We break the barrier of $3/2$ for the problem of online load balancing with known makespan, also known as bin stretching. In this problem, $m$ identical machines and the optimal makespan are given. The load of a machine is the total size of all the jobs assigned to it and the makespan is the maximum load of all the machines. Jobs arrive online and the goal is to assign each job to a machine while staying within a small factor (the competitive ratio) of the optimal makespan.

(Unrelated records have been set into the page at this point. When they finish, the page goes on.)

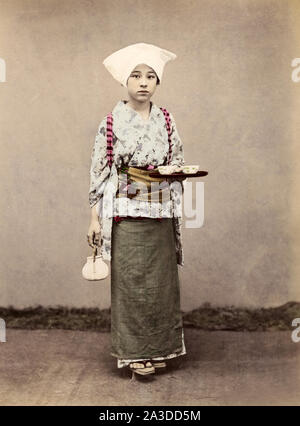Vintage portrait du 19ème siècle photo d'une jeune japonaise Banque D'Images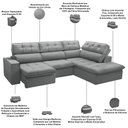 Ver imagem 3 de Sofá 4 Lugares Retrátil Reclinável Chaise Direito 288cm Solin F04 Veludo Cinza - Lyam Decor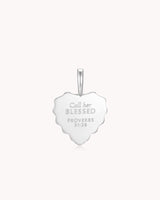 Proverbs 31:28 Call Her Blessed White Gold Heart Necklace — 5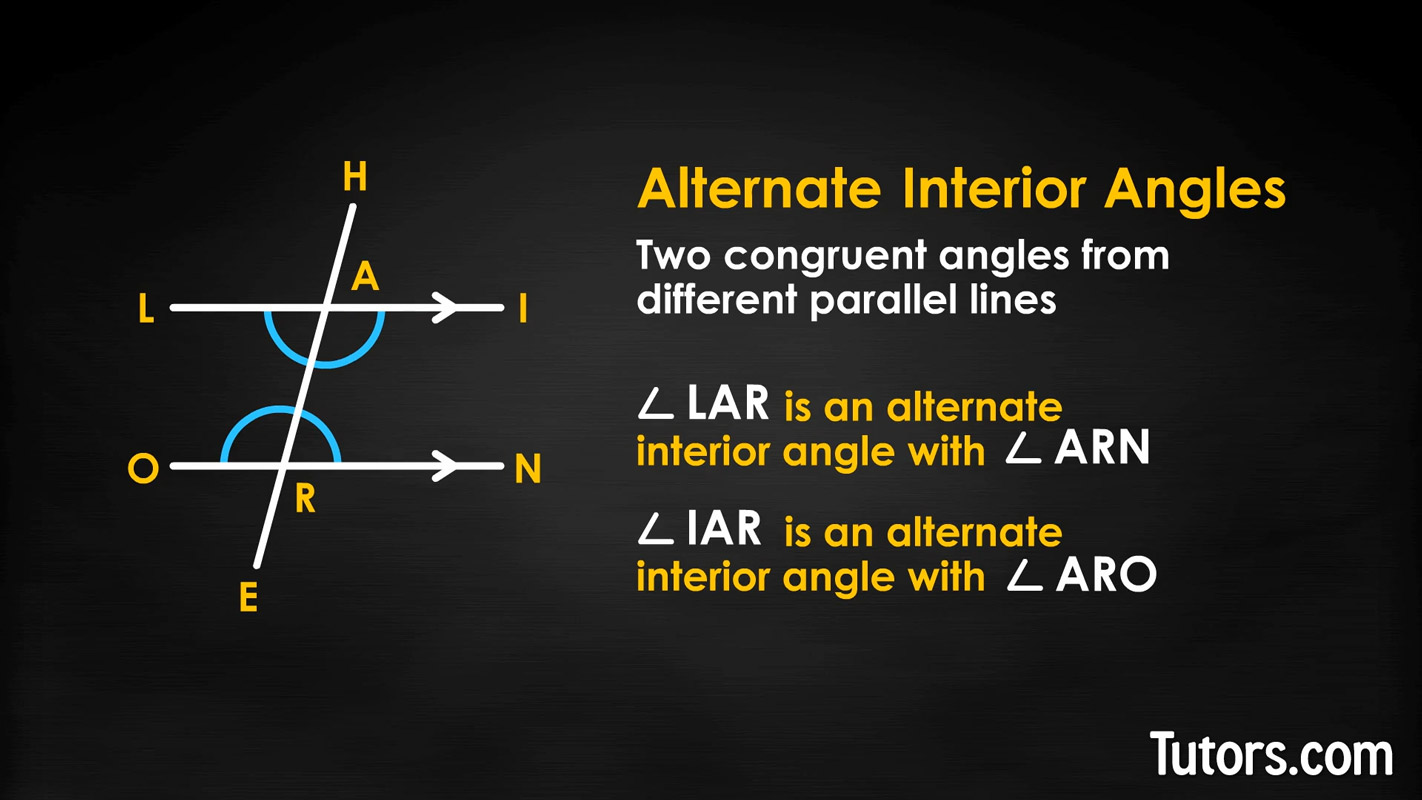 Alternate Interior Angles Definition Theorem Examples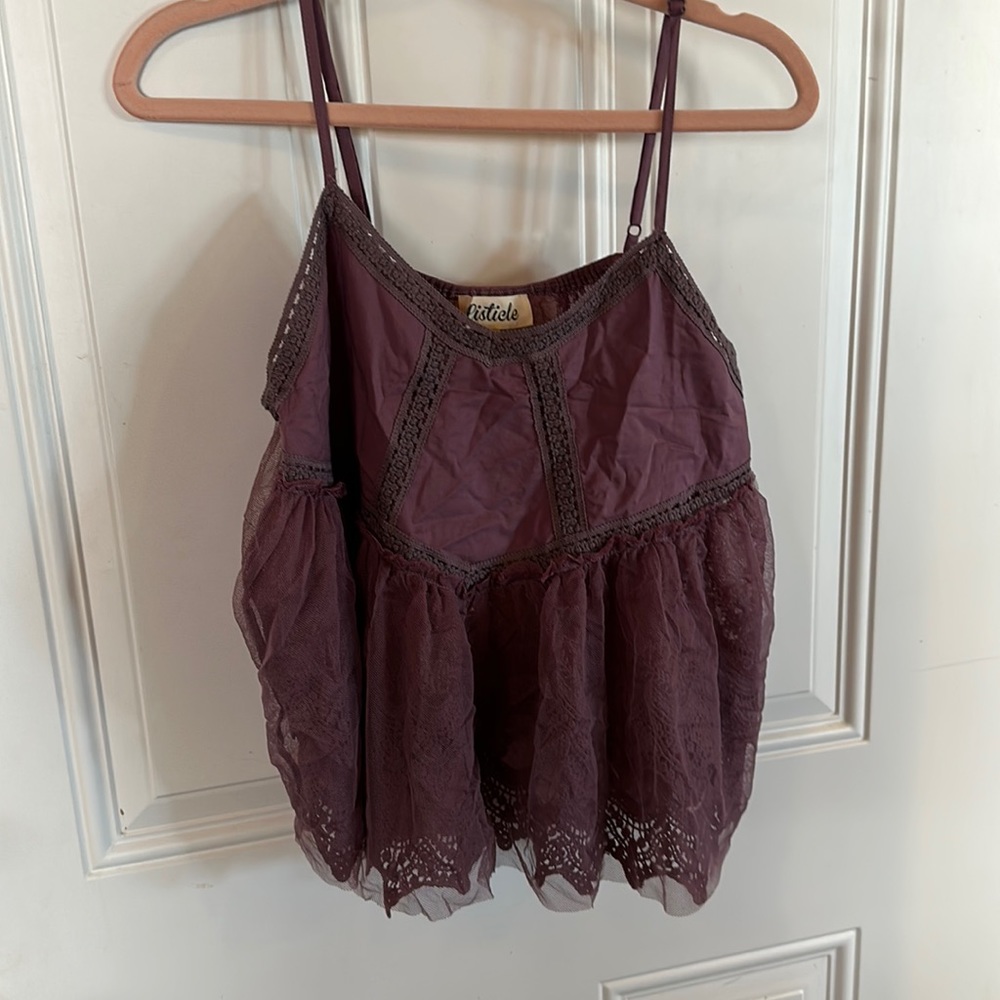 Cute purple baby doll tooly and lace top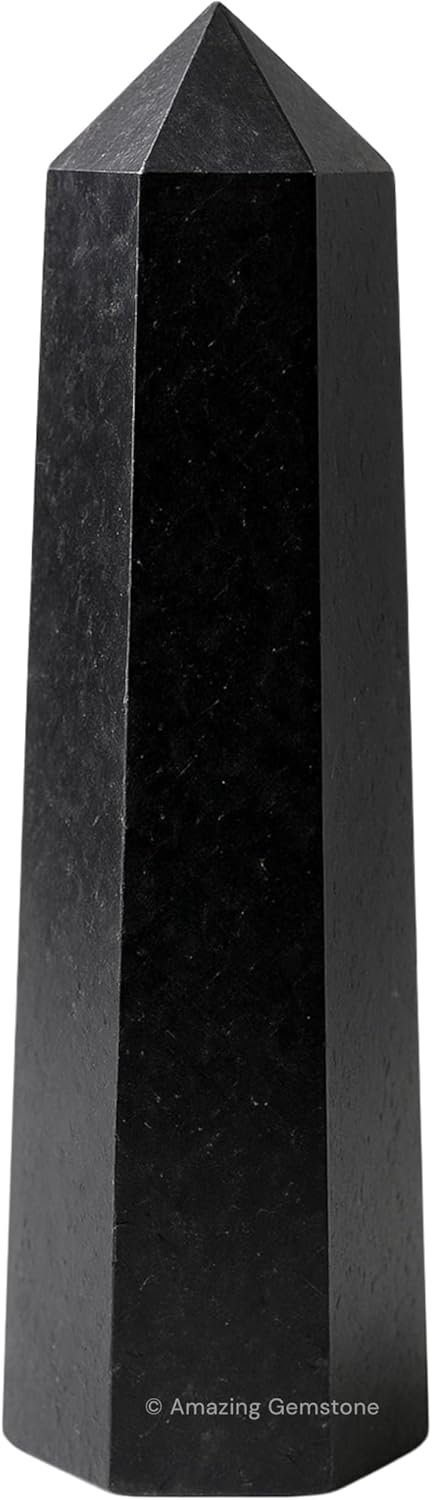 Black Tourmaline Crystal Towers ~ Natural Healing Crystal Point Obelisk for Reiki Healing and Crystal Grid (3- Inch)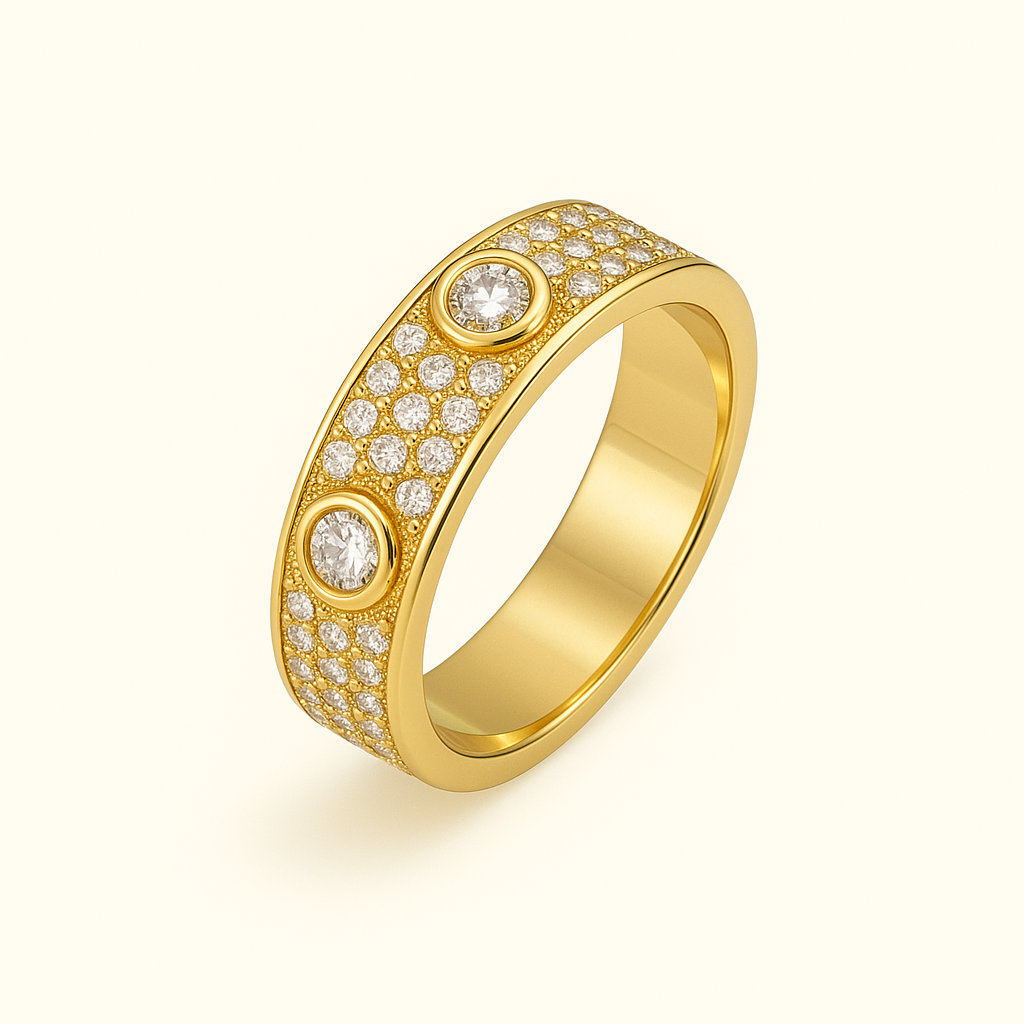 Bague dorée pavée Amore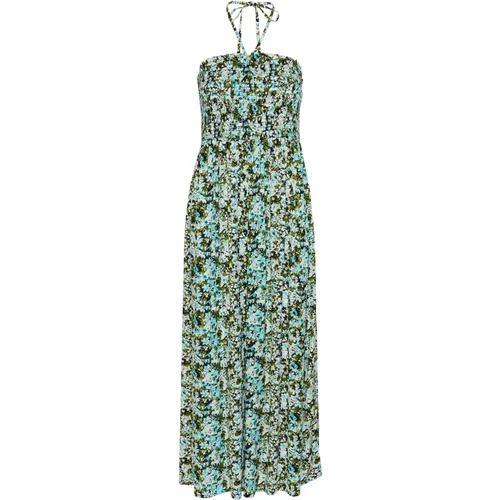 Maxi Smock Kleid Blau/Grün Abstract Blume , Damen, Größe: XL - Kaffe - Modalova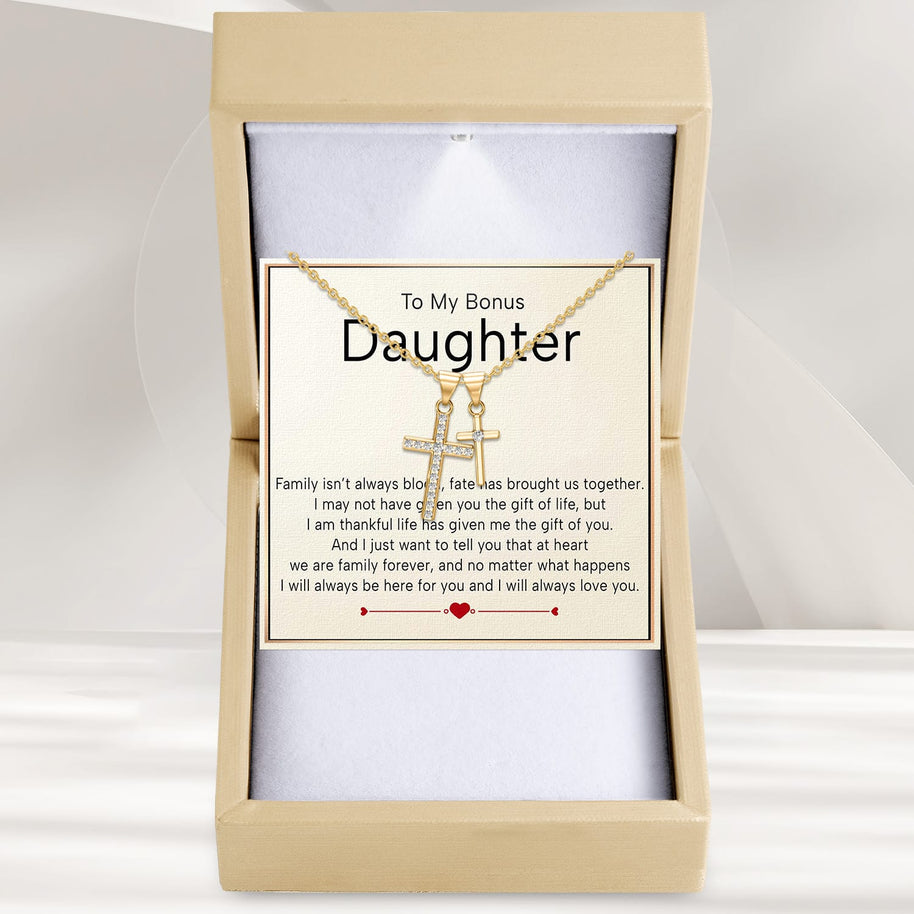 To My Bonus Daughter Cross Necklace  With Heartfelt Message - Unique Jewelry For Bonus Daughter - We Are Family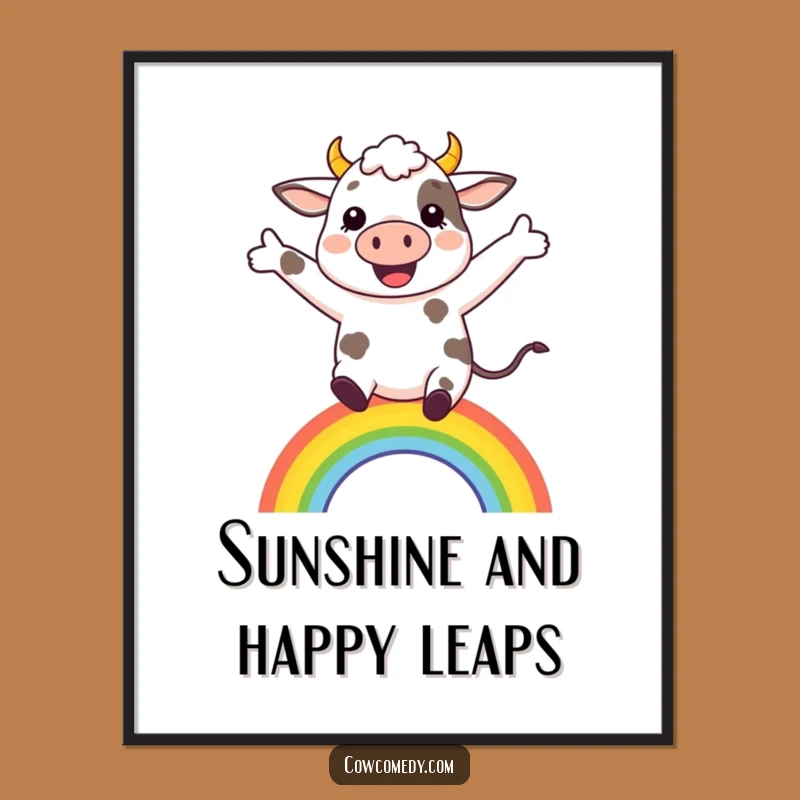 Funny Rainbow Cow Poster: Adorn Your Walls with Optimistic Art, a Vibrant Funny Gift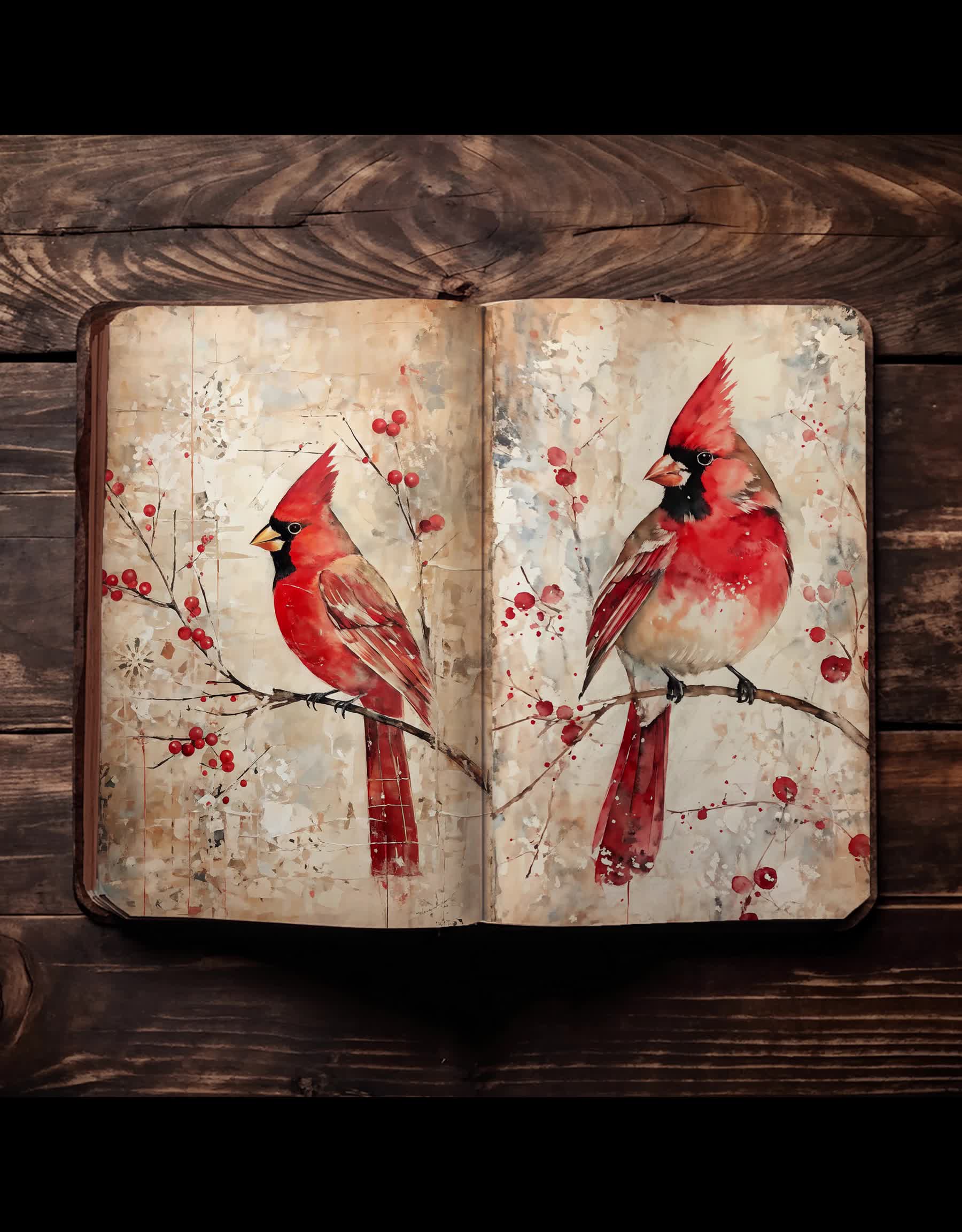 This may contain: an open book with two red birds painted on it's pages, sitting on top of a wooden table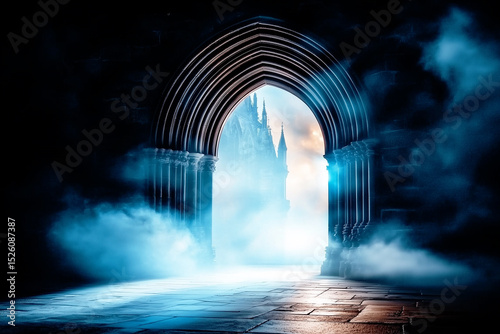 A view of a magical fantasy castle through a dark and misty gothic archway.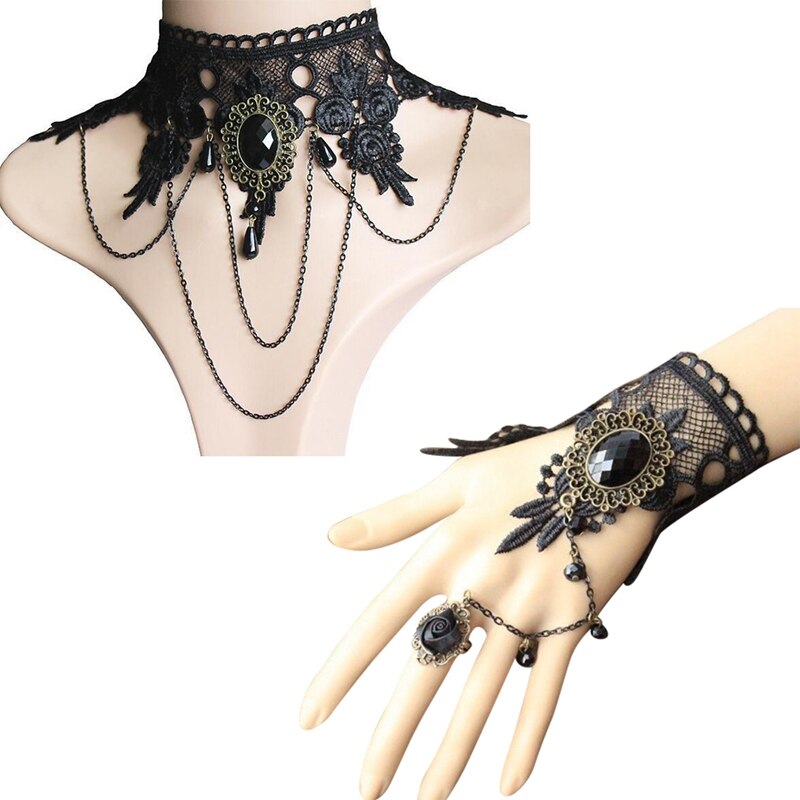 Boho Parure di Gioielli da Donna Vintage Gothic Orecchini Set di Halloween Dei Monili Delle Donne Set Collana Del Choker Del Merletto Anello della Mano Del Braccialetto Set: 3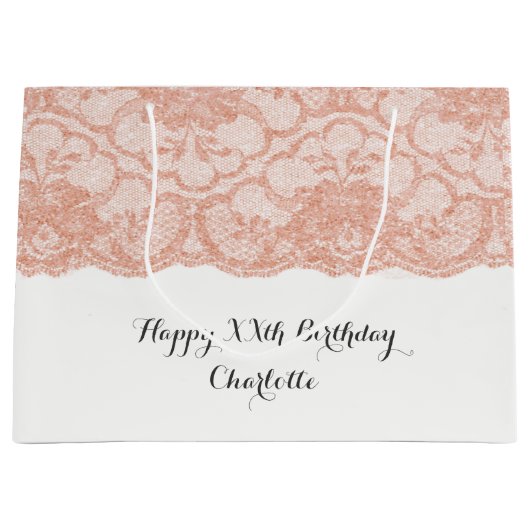 Bruids Bruiloft Verjaardag Roze Rose Goud Kant Groot Cadeauzakje (Voorkant)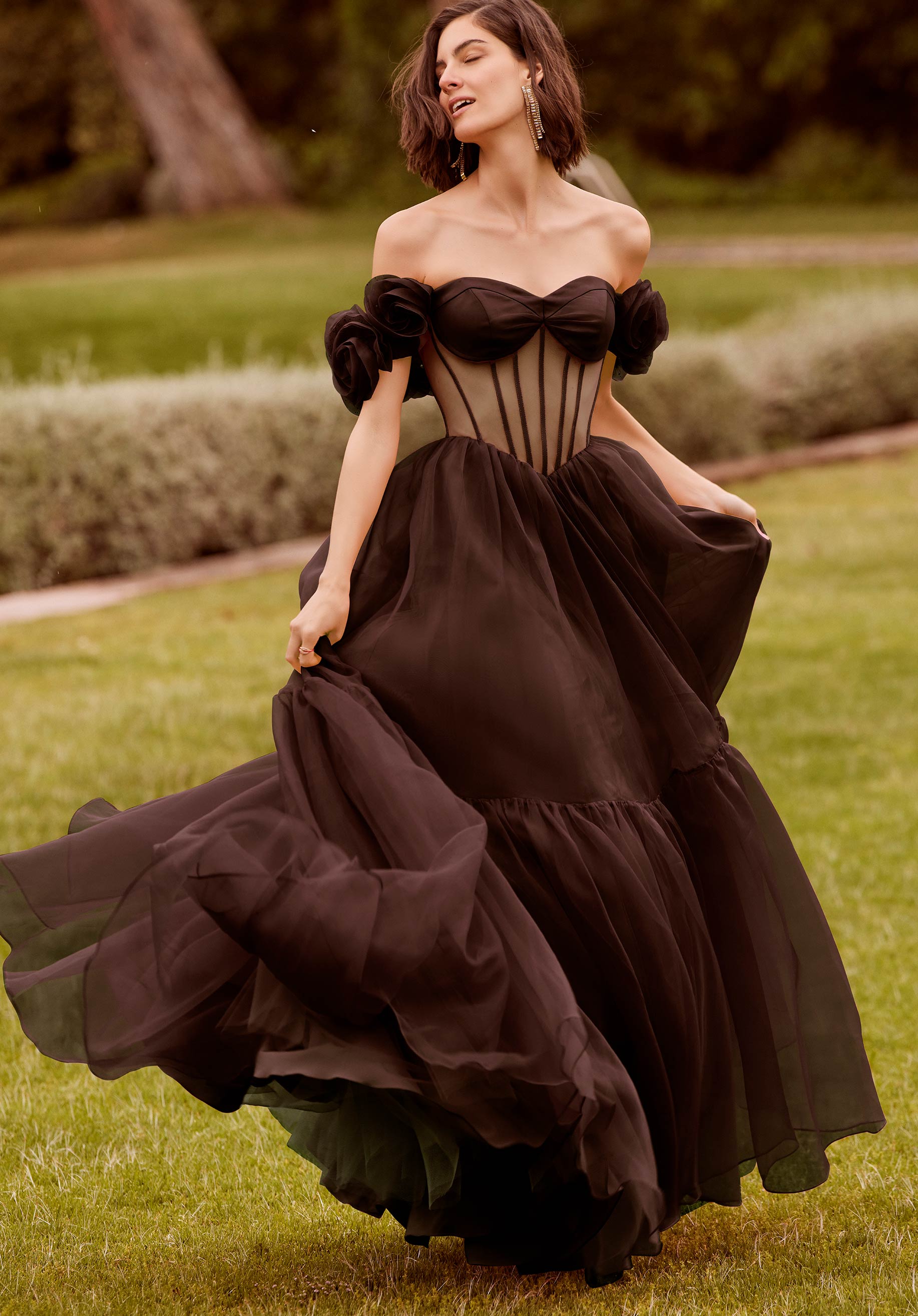 Flounced Organza Ball Gown with Rosette Sleeves Morilee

We present an algorithm that maintains a competitive ratio of $139/93<1.495$ for sufficiently large values of $m$, improving the previous bound of $3/2$. The value 3/2 represents a natural bound for this problem: as long as the online bins are of size at least $3/2$ of the offline bin, all items that fit at least two times in an offline bin have two nice properties. They fit three times in an online bin and a single such item can be packed together with an item of any size in an online bin. These properties are now both lost, which means that putting even one job on a wrong machine can leave some job unassigned at the end. It also makes it harder to determine good thresholds for the item types. This was one of the main technical issues in getting below $3/2$. The analysis consists of an intricate mixture of size and weight arguments.

翻译：我们突破了已知完工时间在线负载均衡问题（亦称箱体拉伸问题）的$3/2$障碍。该问题给定$m$台相同机器及最优完工时间。机器负载为其分配的所有作业尺寸之和，完工时间指所有机器中的最大负载。作业在线到达，目标是在将每个作业分配到机器的同时，使完工时间保持在最优完工时间的一个较小倍数（竞争比）内。我们提出一种算法，在$m$足够大时保持$139/93<1.495$的竞争比，改进了原有的$3/2$上界。数值3/2代表该问题的一个自然界限：只要在线箱体尺寸不小于离线箱体的$3/2$，所有能至少两次装入离线箱体的物品均具有两个优良特性——它们能在在线箱体中装入三次，且单个此类物品可与任意尺寸物品共同装入在线箱体。如今这两个特性均已丧失，这意味着即使将单个作业分配到错误机器，也可能导致最终有作业无法分配。这也使得确定物品类型的合适阈值变得更加困难，这正是突破$3/2$界限的主要技术难点之一。我们的分析融合了尺寸论证与权重论证的复杂技术体系。